» **GIVEN RECORDS**

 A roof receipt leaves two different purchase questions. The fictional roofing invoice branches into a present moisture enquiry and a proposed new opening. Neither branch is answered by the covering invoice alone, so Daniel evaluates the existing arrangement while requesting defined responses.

==

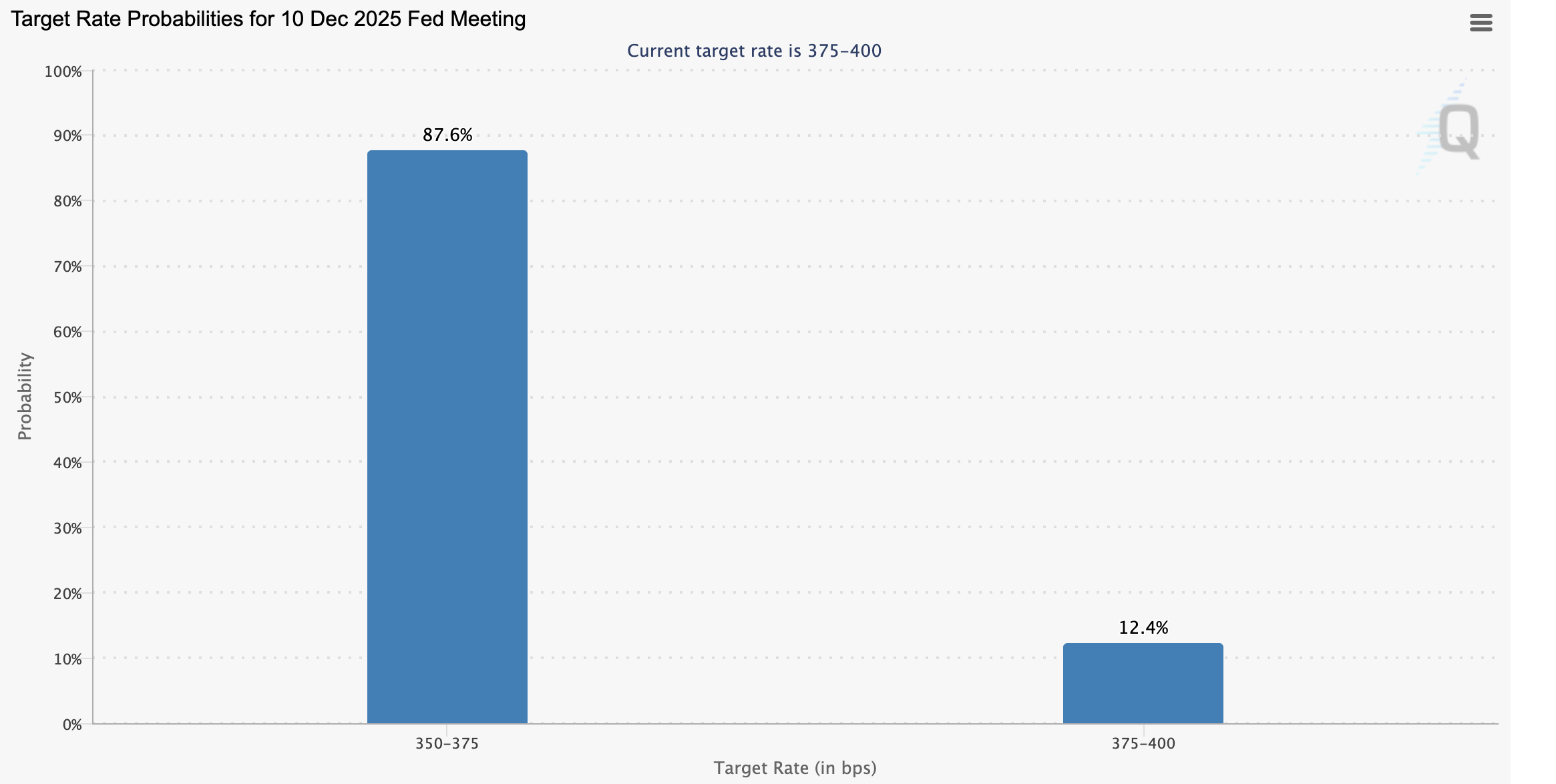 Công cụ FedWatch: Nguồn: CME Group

...

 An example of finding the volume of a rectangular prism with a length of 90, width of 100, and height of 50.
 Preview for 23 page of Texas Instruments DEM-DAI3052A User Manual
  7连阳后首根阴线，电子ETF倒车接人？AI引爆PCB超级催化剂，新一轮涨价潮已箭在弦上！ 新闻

» **REQUIRED ACTION**
What you give back should be exactly the lines of the data above from the line with "An example of" through the line with "7连阳后首根阴线，电子ETF", both of those included, and nothing more.

» **ANSWER SECTION**
 An example of finding the volume of a rectangular prism with a length of 90, width of 100, and height of 50.
 Preview for 23 page of Texas Instruments DEM-DAI3052A User Manual
  7连阳后首根阴线，电子ETF倒车接人？AI引爆PCB超级催化剂，新一轮涨价潮已箭在弦上！ 新闻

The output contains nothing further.